The economy heavily revolves around the education industry, and the University of Oklahoma employs over 30,000 people. This makes it the largest employer in this city. The second-largest employer is the Norman Regional Health System and it has 2,815 staff members. Finally, the third-largest employer is the Norman Public School District with 1,851 employees.
Norman's growth has been fueled by growth in the high-tech sector. Many high-tech firms have moved into the area to take advantage of a lower cost of doing business. As a result, many people from surrounding communities have moved into the area to work for these firms.
To date, Norman's unemployment rate is well below the national average, but it does also have a slower growth rate than other cities in Oklahoma. The future job outlook is bright, as it is expected to increase by 41% in the next ten years.
The median local home prices for this city are currently around $152,400, and this is an increase of 1.3% over the past year. The price per square foot is $112, and both of these prices are projected to rise another 3.0% in the coming years. When you compare these prices to the Oklahoma City Metro, you'll see that Norman scores lower in all of the categories.

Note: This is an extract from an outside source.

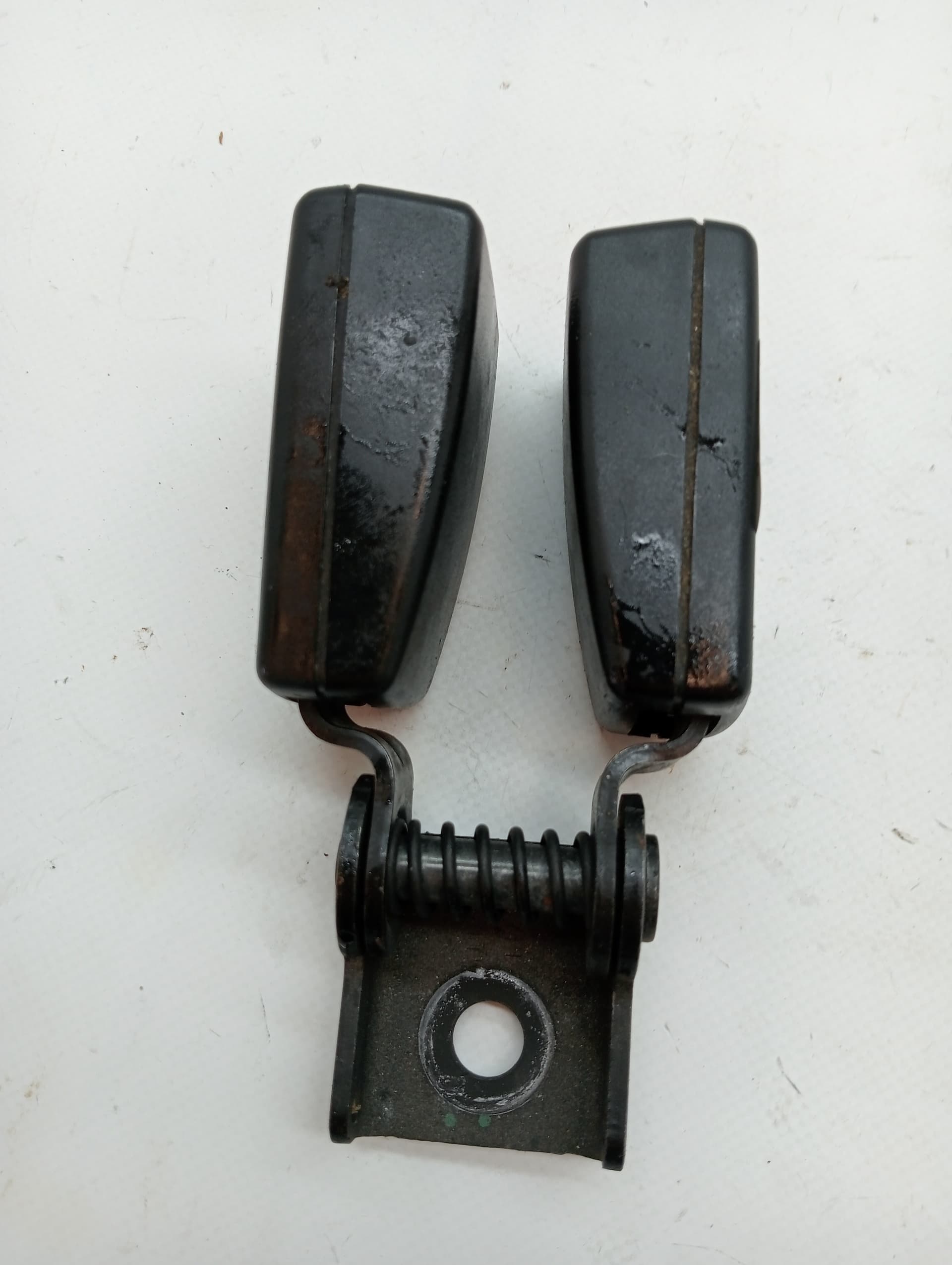 Enganche cinturon OPEL ASTRA J LIM.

The city of Broken Arrow has a population of 107,403 people and this makes it the fourth-largest city in Oklahoma. This city is a suburb of Tulsa, and it is the 280th largest city in the nation. It has a culturally diverse population, and there are several heritages mixed into the population.
There is a wide range of businesses and industries that work to support the local economy. The city has the third-largest concentrations of manufactures in Oklahoma. You'll typically find telecommunications, technology, education, agricultural, and service industry businesses here.

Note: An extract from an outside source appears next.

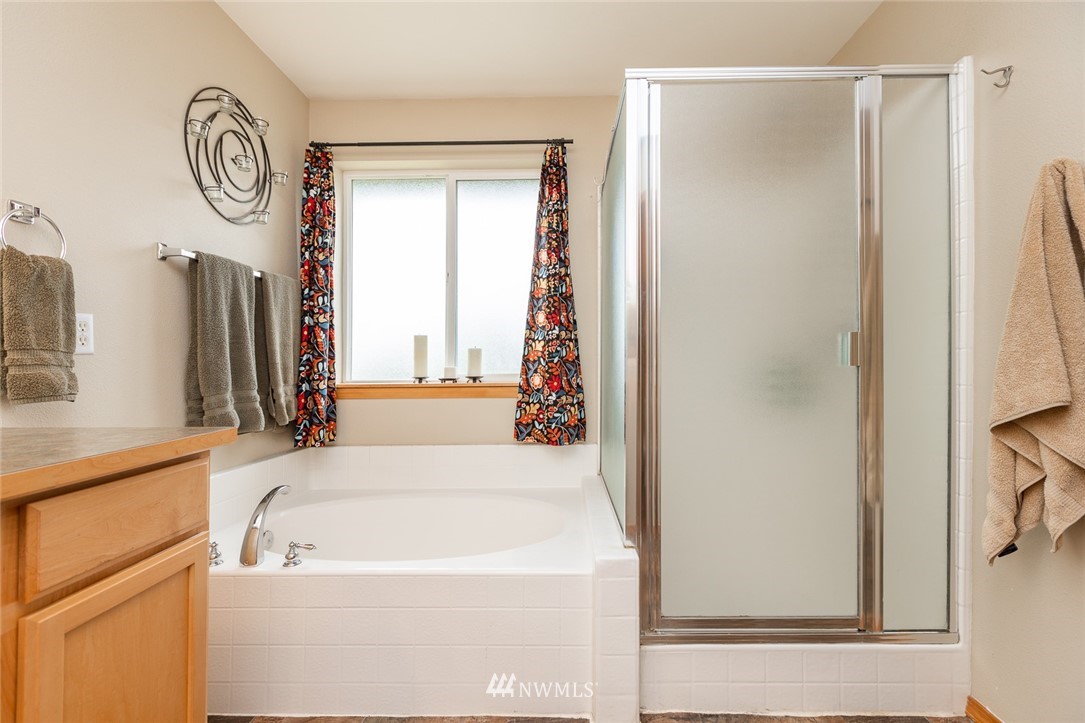 659 Shadow Avenue Northeast Renton, WA 98059 - Photo 19 of 37 a bathroom with a bathtub and a shower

The climate is a humid subtropical climate with very hot summers and mild, wet winters. June through September usually have temperatures averaging in the low 90s, and the winter months from December to March have temperatures in the mid-40s. The air masses control how warm or cold the winter months are, and it fluctuates.
The Broken Arrow Performing Arts Center features everything from concerts, comedy routines, and musical theater. You can also visit the Military History Museum, or go to one of the several state parks located around the city including Haikey Creek Park.

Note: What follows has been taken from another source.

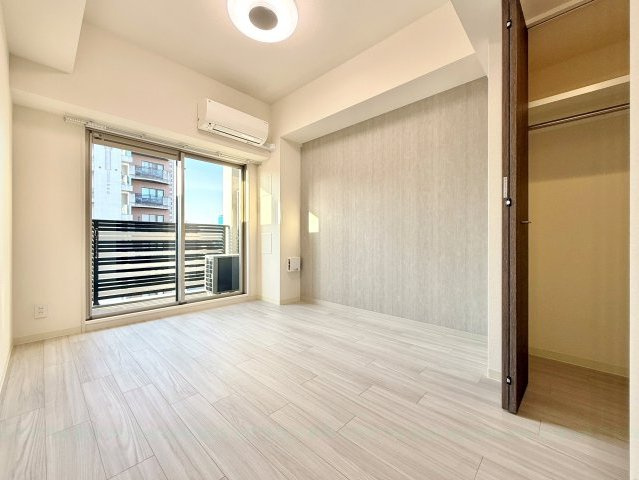 プレサンス広小路通今池の居間・リビング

The Broken Arrow Public School System has 25 schools spread throughout the city ranging from elementary schools to high schools. There are also two higher education institutions here and they are the Northeastern State University and the Tulsa Technology Center.
There are seven major employers that serve the city of Broken Arrow, and the largest employer is Northeastern State University with 325 staff members. The second-largest employer is FlightSafety International with 320 employees. Finally, the third-largest employer is Zeeco with over 250 employees.
Broken Arrow's economy is slowly growing, and it currently has an unemployment rate is below the national average. The job market grew by over 2% in the past year, and it is projected to grow an additional 40% in the next decade.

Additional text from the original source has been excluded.